O ódio e a polarização que emergem nas redes sociais, além do uso indevido da Inteligência Artificial (IA), estão criando um problema enorme para as democracias. As eleições, por exemplo, um dos maiores símbolos do funcionamento de um sistema representativo, também têm se mostrado motivo de hostilidade e divisão na sociedade, muito por causa da velocidade com que mentiras surgem e se espalham nas redes, grande parte delas criadas por IA.
Isso também está tornando o mundo um lugar mais perigoso. E são as ditaduras, controladoras do uso dessas ferramentas, que estão obtendo vantagem de ganho e escala econômica diante da instabilidade em países liberais, os que mais dependem de boas relações sociais e emocionais. “A sociedade livre sempre foi capaz de produzir resultados econômicos melhores no longo prazo. Pela primeira vez, a equação está mudando. Essa instabilidade interna chega ao ponto de comprometer a performance econômica. As democracias precisam encontrar uma maneira de sobreviver no ambiente digital, que é justamente não se fragmentar, não se ‘matar’ e não se odiar”, afirma Heni Ozi Cukier, cientista político, professor e palestrante.
Isso se torna ainda mais preocupante em um ano em que metade da população global participará de eleições. “A coesão das democracias foi rompida, porque se dividiram por questões ideológicas.
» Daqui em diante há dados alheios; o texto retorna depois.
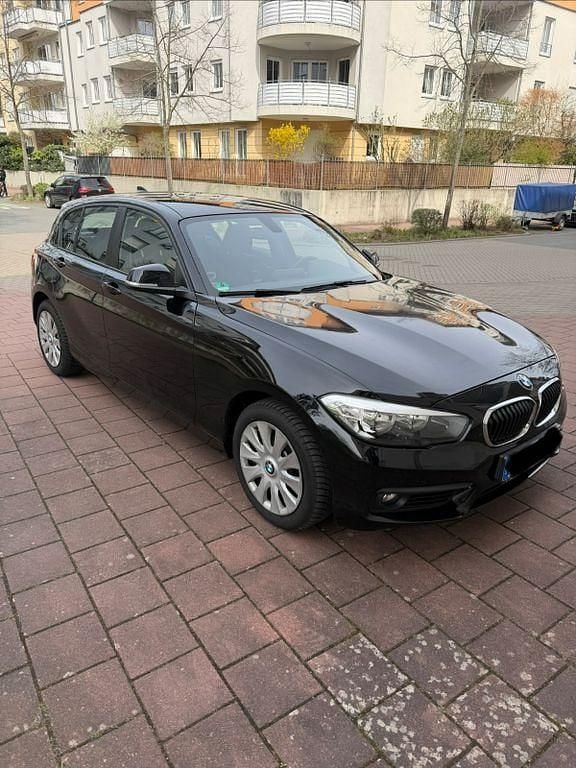 Gebraucht BMW 118 Advantage 136 PS (100 kW) 2018 Schwarz Kleinwagen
Isso as torna fracas, e o outro lado, as ditaduras, sente que é hora de continuar avançando. Isso é irreversível até que o mundo encontre um novo capítulo de como fazer política e conviver na era das redes sociais sem se polarizar, bem como que saiba como administrar a IA em campanha política. Nada disso vai embora, só agravará o cenário. A incerteza que temos é apenas em relação à velocidade com que isso ocorrerá”, complementa Cukier.
“Podemos ter um grande conflito causado por essas tecnologias, não entre países, mas de elas destruírem as relações humanas de muitas maneiras. O ano de 2023 foi a consolidação das IAs de domínio da linguagem, e isso tem um impacto imenso ao mundo. Ainda não sabemos como esse fator mudará a natureza das nossas relações. Imagine pegar tudo o que as redes sociais fizeram para o ambiente político do mundo e potencializar por mil”, frisa.
A postura do Brasil no ambiente geopolítico
Ainda segundo o cientista político, os governos brasileiros persistem em seguir linhas ideológicas nos tratos das relações exteriores, deixando de lado o pragmatismo. Neste momento, a direção ideológica que o País toma é preocupante por não se opor à criação do eixo das ditaduras, com o Brics abrindo as portas a essas nações, adverte.
“Vai chegar uma hora em que será impossível de nos desligarmos disso. Da forma como está, hoje, quando tivermos de tomar um lado, parece que será o lado errado, o do mundo não livre”, pondera. “O Brics decidiu se expandir para se tornar um grande bloco de ditaduras. Esses países [do bloco] farão muita diferença para impulsionar ou frear as rédeas em direção a este lugar para onde o mundo está caminhando”, enfatiza.